====== Records supplied ======
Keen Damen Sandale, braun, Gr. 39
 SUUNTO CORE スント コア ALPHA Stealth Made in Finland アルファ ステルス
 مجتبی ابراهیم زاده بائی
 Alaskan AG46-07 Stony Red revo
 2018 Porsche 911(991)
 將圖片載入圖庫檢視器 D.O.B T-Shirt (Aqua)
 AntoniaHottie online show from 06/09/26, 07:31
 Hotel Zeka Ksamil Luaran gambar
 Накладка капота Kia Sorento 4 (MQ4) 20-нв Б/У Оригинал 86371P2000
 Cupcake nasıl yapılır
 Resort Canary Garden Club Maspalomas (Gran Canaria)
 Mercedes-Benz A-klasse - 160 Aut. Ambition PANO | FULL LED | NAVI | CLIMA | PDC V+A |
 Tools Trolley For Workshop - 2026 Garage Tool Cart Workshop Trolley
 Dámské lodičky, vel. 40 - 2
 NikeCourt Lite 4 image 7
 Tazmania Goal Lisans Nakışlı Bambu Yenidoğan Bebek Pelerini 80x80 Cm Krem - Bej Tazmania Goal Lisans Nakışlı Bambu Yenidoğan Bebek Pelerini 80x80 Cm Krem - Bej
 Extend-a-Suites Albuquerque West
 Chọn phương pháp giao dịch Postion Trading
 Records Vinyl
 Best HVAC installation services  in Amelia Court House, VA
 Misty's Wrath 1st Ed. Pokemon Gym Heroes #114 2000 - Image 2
======
* _Work required_
Could you write out all of the entries precisely as they stand?

* _Answer box_
Keen Damen Sandale, braun, Gr. 39
 SUUNTO CORE スント コア ALPHA Stealth Made in Finland アルファ ステルス
 مجتبی ابراهیم زاده بائی
 Alaskan AG46-07 Stony Red revo
 2018 Porsche 911(991)
 將圖片載入圖庫檢視器 D.O.B T-Shirt (Aqua)
 AntoniaHottie online show from 06/09/26, 07:31
 Hotel Zeka Ksamil Luaran gambar
 Накладка капота Kia Sorento 4 (MQ4) 20-нв Б/У Оригинал 86371P2000
 Cupcake nasıl yapılır
 Resort Canary Garden Club Maspalomas (Gran Canaria)
 Mercedes-Benz A-klasse - 160 Aut. Ambition PANO | FULL LED | NAVI | CLIMA | PDC V+A |
 Tools Trolley For Workshop - 2026 Garage Tool Cart Workshop Trolley
 Dámské lodičky, vel. 40 - 2
 NikeCourt Lite 4 image 7
 Tazmania Goal Lisans Nakışlı Bambu Yenidoğan Bebek Pelerini 80x80 Cm Krem - Bej Tazmania Goal Lisans Nakışlı Bambu Yenidoğan Bebek Pelerini 80x80 Cm Krem - Bej
 Extend-a-Suites Albuquerque West
 Chọn phương pháp giao dịch Postion Trading
 Records Vinyl
 Best HVAC installation services  in Amelia Court House, VA
 Misty's Wrath 1st Ed. Pokemon Gym Heroes #114 2000 - Image 2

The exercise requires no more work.